The World Cup starts next Thursday and doesn’t end up until July 13, and as you will begin hearing soon, if you haven’t already, there’s going to be a honking big worldwide audience, surely the biggest ever, watching on TV and online.
That online piece could be well, it will be—enormous.
In 2010, ESPN3 had 6.9 million unique viewers who watched 14.7 million hours. Univision’s online viewers watched 10 million hours.
And that was four years ago, before online viewing became really common and mobile devices became ubiquitous, and when many of the matches happened early in the day for most U.S. viewers. Rio de Janeiro, site of this year’s games, is just one hour ahead of the Eastern time zone. Lots of the 64 matches will happen when you can see them.
The IAB recently released its own look-ahead to the games and predicted that, gleaned from the 11 nations where it asked fans, 48% plan to use their phones to follow the games. Only TV, with 63%, will get more.
ESPN.com, which is streaming all of them, is expecting a huge audience and its Web site has a fairly breathless countdown to the first game, less than six days away. BBC.com, which is also streaming it across the ocean, forecasts 150 million page views and 20 million unique views
Steve Rotter, vice president of digital marketing solutions for Brightcove, notes that in 2010, 3.2 billion viewers—that’s 46.4% of the world’s population—watched at least a minute of the World Cup. The governing FIFA body says the average audience for each match was 188.4 million worldwide.
“The reality is that because events like the World Cup or the Olympics are available to an international audience for streaming online, video is more important to marketers and retailers than it ever,” Rotter wrote in an email.
So look out for 2014. Worldwide, as Rotter suggests and Google notes in a Google Think piece online, soccer has more interest on Google Search than the Super Bowl, the Olympics, and the Tour de France combined. “If you’re looking to reach an audience of sports fans—from the crazed to the casual—the opportunity doesn’t get any bigger,” the Google post asserts.
This nation’s Hispanics are passionate soccer fans and the essay also notes, “U.S. Hispanics are digital trendsetters, adopting smartphones faster than any other demographic, according to Nielsen.

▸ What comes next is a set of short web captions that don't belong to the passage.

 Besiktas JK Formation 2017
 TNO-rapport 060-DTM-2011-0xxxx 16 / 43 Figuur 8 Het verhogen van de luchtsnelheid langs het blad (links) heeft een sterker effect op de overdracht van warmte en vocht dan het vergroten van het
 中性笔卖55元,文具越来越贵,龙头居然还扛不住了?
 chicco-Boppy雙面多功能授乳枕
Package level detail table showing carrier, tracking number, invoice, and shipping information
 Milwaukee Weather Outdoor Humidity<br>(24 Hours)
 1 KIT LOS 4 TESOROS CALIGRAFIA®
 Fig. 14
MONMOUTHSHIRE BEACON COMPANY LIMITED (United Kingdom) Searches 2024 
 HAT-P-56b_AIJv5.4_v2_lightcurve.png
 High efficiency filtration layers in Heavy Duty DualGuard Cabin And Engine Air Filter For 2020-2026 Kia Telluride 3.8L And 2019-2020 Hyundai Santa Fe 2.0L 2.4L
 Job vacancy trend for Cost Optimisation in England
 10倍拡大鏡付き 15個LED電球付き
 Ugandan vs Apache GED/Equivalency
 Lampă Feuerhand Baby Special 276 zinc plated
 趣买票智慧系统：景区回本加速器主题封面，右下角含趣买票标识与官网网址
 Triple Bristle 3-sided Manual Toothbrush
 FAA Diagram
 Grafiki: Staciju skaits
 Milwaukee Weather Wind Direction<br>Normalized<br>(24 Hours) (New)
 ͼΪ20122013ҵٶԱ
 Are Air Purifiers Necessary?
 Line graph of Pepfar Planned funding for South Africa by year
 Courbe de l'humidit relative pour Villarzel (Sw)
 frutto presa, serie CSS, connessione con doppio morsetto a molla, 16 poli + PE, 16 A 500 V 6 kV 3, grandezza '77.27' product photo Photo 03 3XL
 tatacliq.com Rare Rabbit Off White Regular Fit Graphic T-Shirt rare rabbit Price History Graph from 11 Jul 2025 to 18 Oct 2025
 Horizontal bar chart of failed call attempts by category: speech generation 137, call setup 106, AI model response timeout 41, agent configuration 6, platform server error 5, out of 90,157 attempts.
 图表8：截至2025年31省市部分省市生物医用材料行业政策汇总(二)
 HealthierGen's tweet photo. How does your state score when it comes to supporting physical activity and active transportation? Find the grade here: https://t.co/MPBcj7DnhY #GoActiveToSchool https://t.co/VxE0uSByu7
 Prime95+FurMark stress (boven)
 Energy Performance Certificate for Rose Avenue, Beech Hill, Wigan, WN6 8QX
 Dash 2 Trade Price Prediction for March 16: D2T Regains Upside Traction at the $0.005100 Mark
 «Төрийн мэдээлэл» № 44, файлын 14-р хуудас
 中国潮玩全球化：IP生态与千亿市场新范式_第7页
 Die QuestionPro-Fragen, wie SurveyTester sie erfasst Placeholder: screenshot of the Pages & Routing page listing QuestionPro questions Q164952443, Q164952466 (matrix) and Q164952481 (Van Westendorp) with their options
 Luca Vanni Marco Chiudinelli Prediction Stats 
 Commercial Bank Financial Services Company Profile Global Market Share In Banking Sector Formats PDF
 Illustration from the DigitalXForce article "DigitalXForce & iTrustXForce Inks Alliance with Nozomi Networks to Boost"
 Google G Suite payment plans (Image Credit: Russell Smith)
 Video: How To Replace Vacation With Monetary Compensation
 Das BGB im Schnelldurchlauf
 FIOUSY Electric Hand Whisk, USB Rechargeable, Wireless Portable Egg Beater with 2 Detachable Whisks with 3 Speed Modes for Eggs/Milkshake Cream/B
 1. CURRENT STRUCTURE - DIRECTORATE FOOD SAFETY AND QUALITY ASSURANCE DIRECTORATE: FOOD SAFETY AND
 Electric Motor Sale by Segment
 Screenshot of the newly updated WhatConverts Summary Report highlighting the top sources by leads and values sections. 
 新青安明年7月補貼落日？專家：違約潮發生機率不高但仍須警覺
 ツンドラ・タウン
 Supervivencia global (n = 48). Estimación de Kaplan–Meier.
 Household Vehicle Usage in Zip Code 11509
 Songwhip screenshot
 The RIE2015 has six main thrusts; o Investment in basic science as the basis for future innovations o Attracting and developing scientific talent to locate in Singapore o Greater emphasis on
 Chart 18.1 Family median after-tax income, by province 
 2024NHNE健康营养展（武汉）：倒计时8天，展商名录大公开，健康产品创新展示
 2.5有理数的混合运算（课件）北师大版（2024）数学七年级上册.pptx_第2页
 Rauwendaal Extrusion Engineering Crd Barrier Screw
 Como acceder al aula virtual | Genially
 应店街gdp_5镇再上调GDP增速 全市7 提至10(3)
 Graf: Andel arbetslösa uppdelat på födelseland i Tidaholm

It follows that digital should be a core part of any strategy to reach and engage these fans.”
There are many ways to stream, but this year millions and millions more will be doing it than four years ago.
Advertisers online and otherwise, are in the game. Unruly Media is busily charting how both World Cup advertising sponsors, and other
advertisers that are just tagging along, are faring among fans in terms of ad-sharing. It is urging the curious to follow its Braziliant Brands
Tracker.
As of today, a Shakira-starring video for Activia, a YouTube ad that celebrates gay athletes and a McDonald’s spot top the list. Of those three ,only the Mickey
D’s spot, is a more or less conventional sell-a-product kind of commercial.
When Unruly started watching World Cup-connected ads, and charting their virality, it seemed that being an official World Cup sponsor didn’t matter much.
Nike, not a sponsor, was getting more play with its soccer spot than Adidas, an official sponsor, was. That’s changed a lot, but clearly, Unruly and other advertisers are paying attention. It was Unruly, don’t forget, that reported sharing of Super Bowl commercials crashed this year; that might have been the kind of news that started sending some marketers looking for the next commercial frontier.
And that, apparently, is still "football"—but as that sport is known in almost every other country in the world.